● **Activity**
As soon as the line containing "Augstsprieguma vadu komplekts NGK 0954 2" appears, start repeating lines exactly and continue to the end of the entries; please skip pictures.

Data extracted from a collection

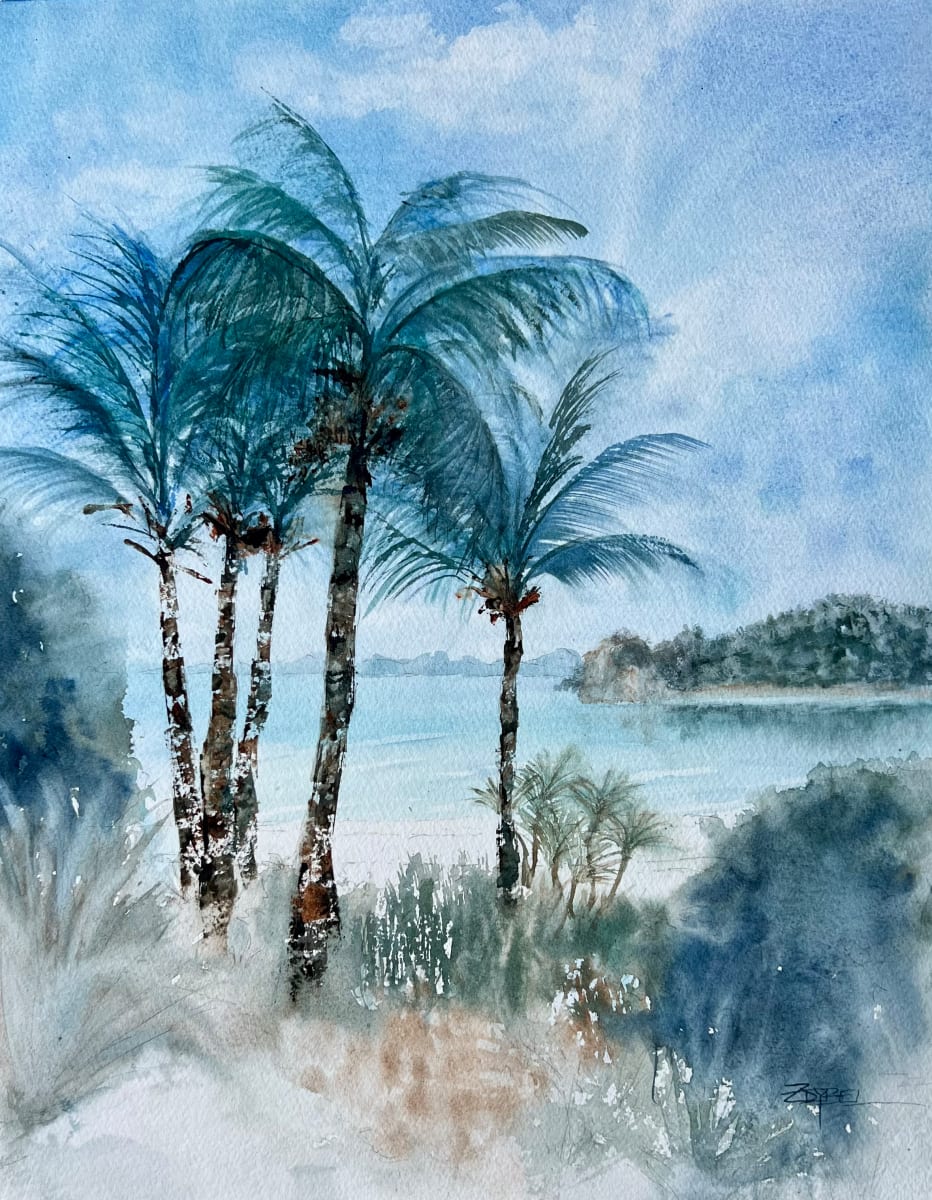Tropical New Zealand for Ann Hughes by Rebecca Zdybel 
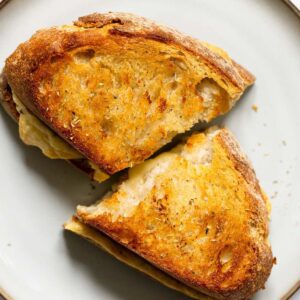 Air fryer grilled cheese on a plate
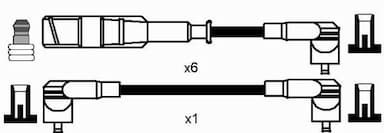 Augstsprieguma vadu komplekts NGK 0954 2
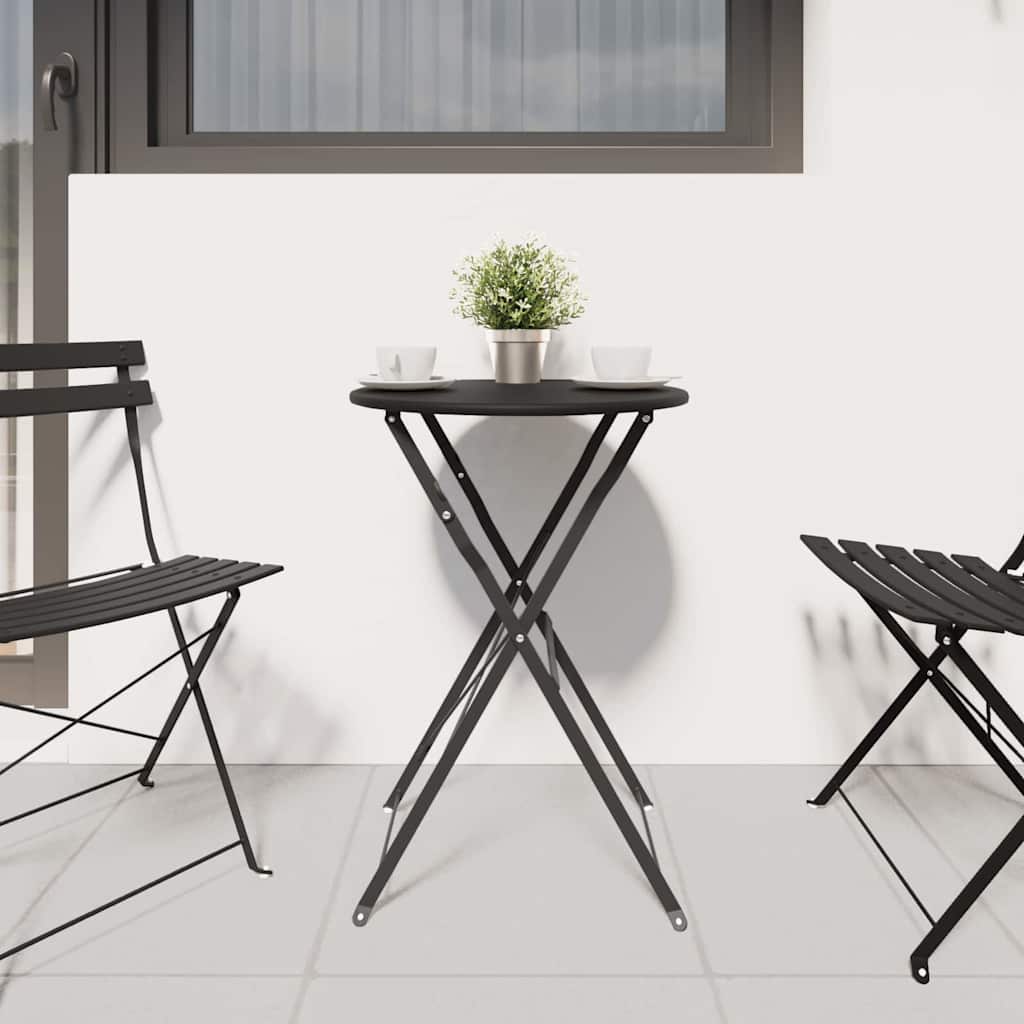 Bistro stalas Antracitas Ø50x71 cm Miltelinis plienas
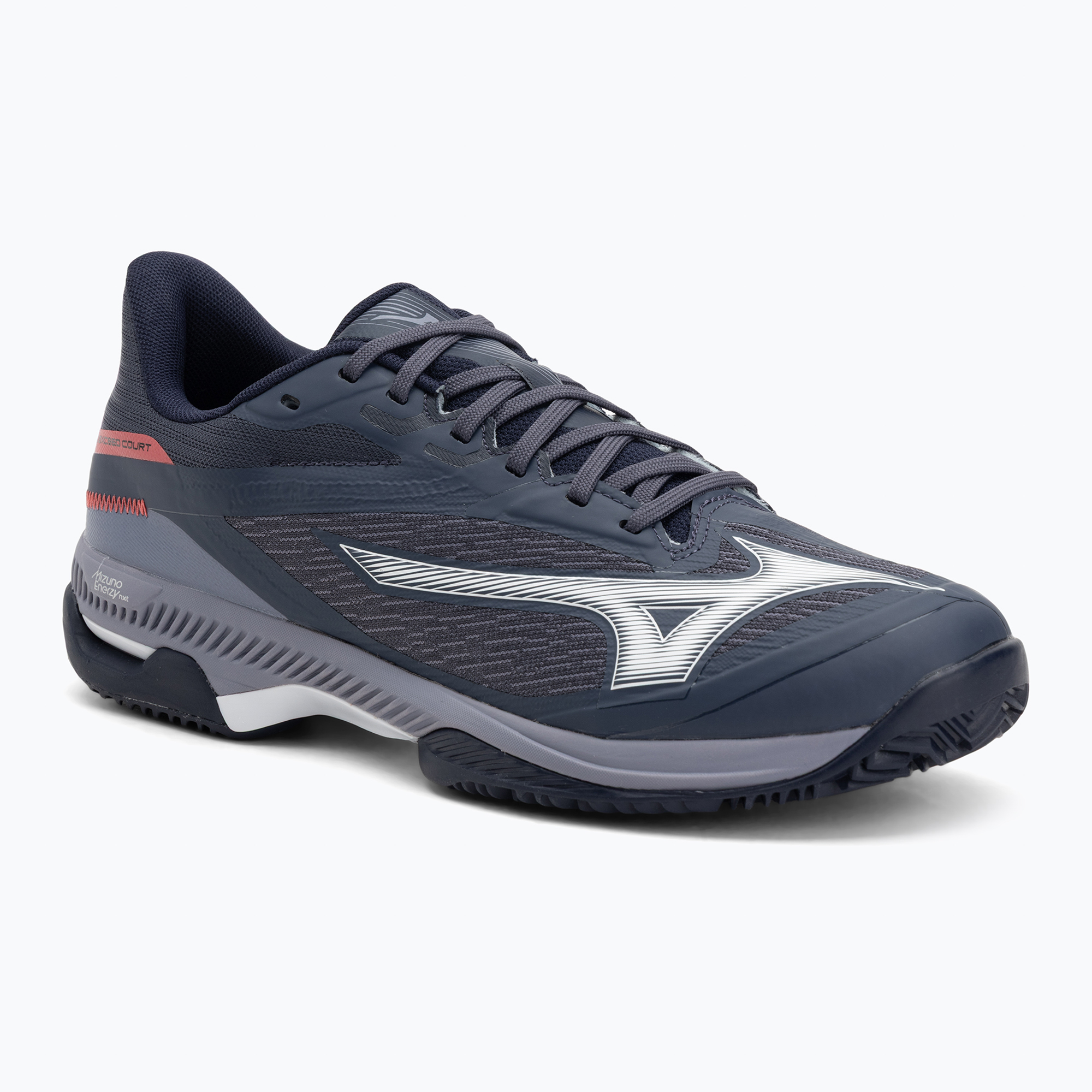 Buty do tenisa Mizuno Wave Exceed Court CC odyssey gray/white/blue granite 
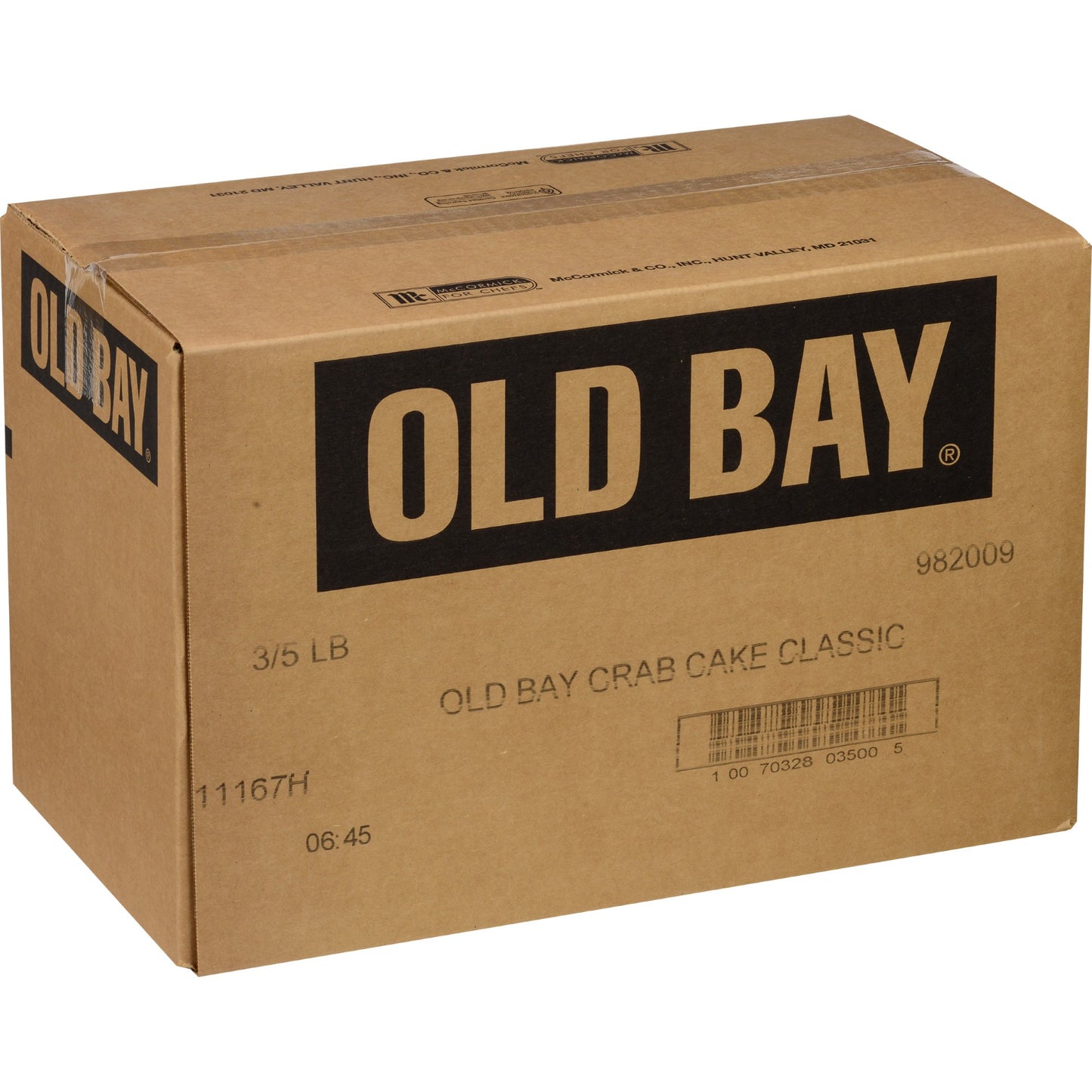 Old Bay Crab Cake Classic 5 Pound Each - 3 Per Case.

● **Solution**
 Augstsprieguma vadu komplekts NGK 0954 2
 Bistro stalas Antracitas Ø50x71 cm Miltelinis plienas
 Buty do tenisa Mizuno Wave Exceed Court CC odyssey gray/white/blue granite 
 Old Bay Crab Cake Classic 5 Pound Each - 3 Per Case.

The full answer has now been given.